They poked their heads up from under the deck outside the screen door of the a-frame. Woodchuck (groundhog) pups making themselves at home.

woodchucks

Woodchucks at the cabin

It was Groundhog day all over again at the cabin. Years before we inhabited the place, a woodchuck had decided to come inside the cabin. The humans were away when Wilbur  — we’ll call him Wilbur — abandoned the family under the deck to settle more comfortably inside the cabin. Maybe Wilber needed to get away awhile.

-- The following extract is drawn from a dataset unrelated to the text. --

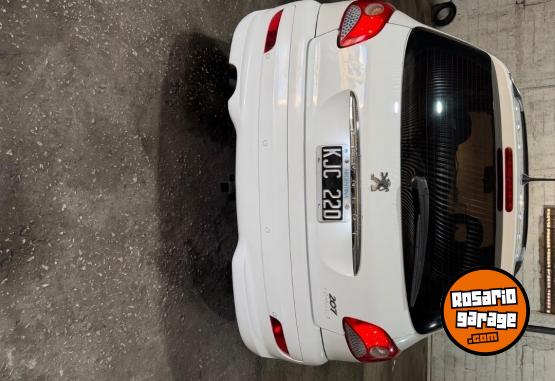 Autos - Peugeot 207 2011 Nafta 166000Km - En Venta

Kay and I come to the cabin to get away. Now we want to get away from the woodchucks — or have Wilbur and his family taken far away from us in traps baited with luscious carrots, fresh lettuce, celery, and other yummies that doesn’t grow naturally here along the marsh’s edge.

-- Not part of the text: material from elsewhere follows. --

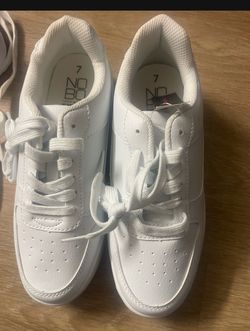 No Boundaries (NOBO) Woman’s Sneakers (SIZE 7 WOMAN’S)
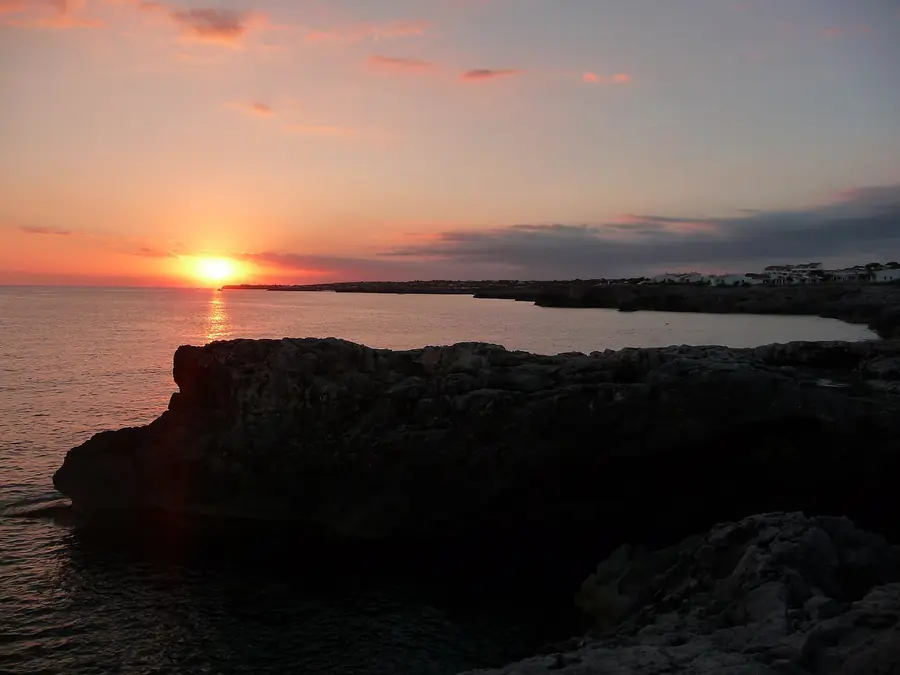 Clima, viento, calor y aglomeraciones en Menorca: cómo planificar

The pups are kind of cute, in a non-dog kind of way, if you love all Nature. “Something there is that loves a [woodchuck],” wrote Robert Frost one night, revising his “Mending Wall” poem when three woodchuck pups after he’d had too much wine. Or maybe Frost had just read Psalm 50, as I did this morning, the day after the pups introduced themselves to Kay: “All the beasts of the forest are mine…. I know every bird in the sky, and the creatures under your deck are in my sight” (Psalm 50:10-11).

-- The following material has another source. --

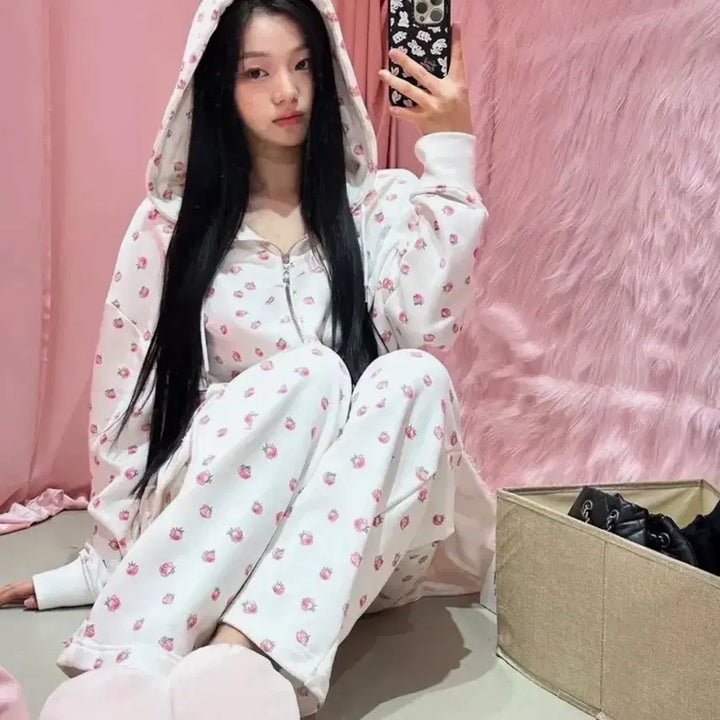 [SOLD OUT] 유희 플라워 패턴 후드집업 (바지 xx)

Many years ago a woodchuck was eating all the lettuce in the Broomall Nursing Home garden up the street from my boyhood home on Church Lane. When Wade, the nursing home caretaker, complained about the disappearing lettuce, two excited eight year-olds decided to become the good stewards of Wade’s garden. With Wade’s help, Ted Bonsall and I built a box trap of wood and hardware wire, and caught the woodchuck. But, hey, what do you do with the woodchuck you just removed from the nursing home garden? Ted and I were advanced planners, we had built a large cage of wood and chicken wire in the backyard. Having succeeded as trappers, we turned the woodchuck loose from the box-trap into the large cage loaded with carrots, broccoli, and lettuce. The next morning, the cage was empty!

There’s a reason they call a woodchuck a woodchuck. It had gnawed through the wood and the chicken wire on its way to freedom, relieving us of having to answer the bigger question of what to do with a woodchuck when the snow starts falling. The woodchuck got away from us before we wanted to get away from it.

Sixty-seven years later, I wonder whether the Wilbur in Minnesota ever made a prison break in Pennsylvania.

  • Gordon C. Stewart, Chaska, northern Minnesota, June 8, 2018.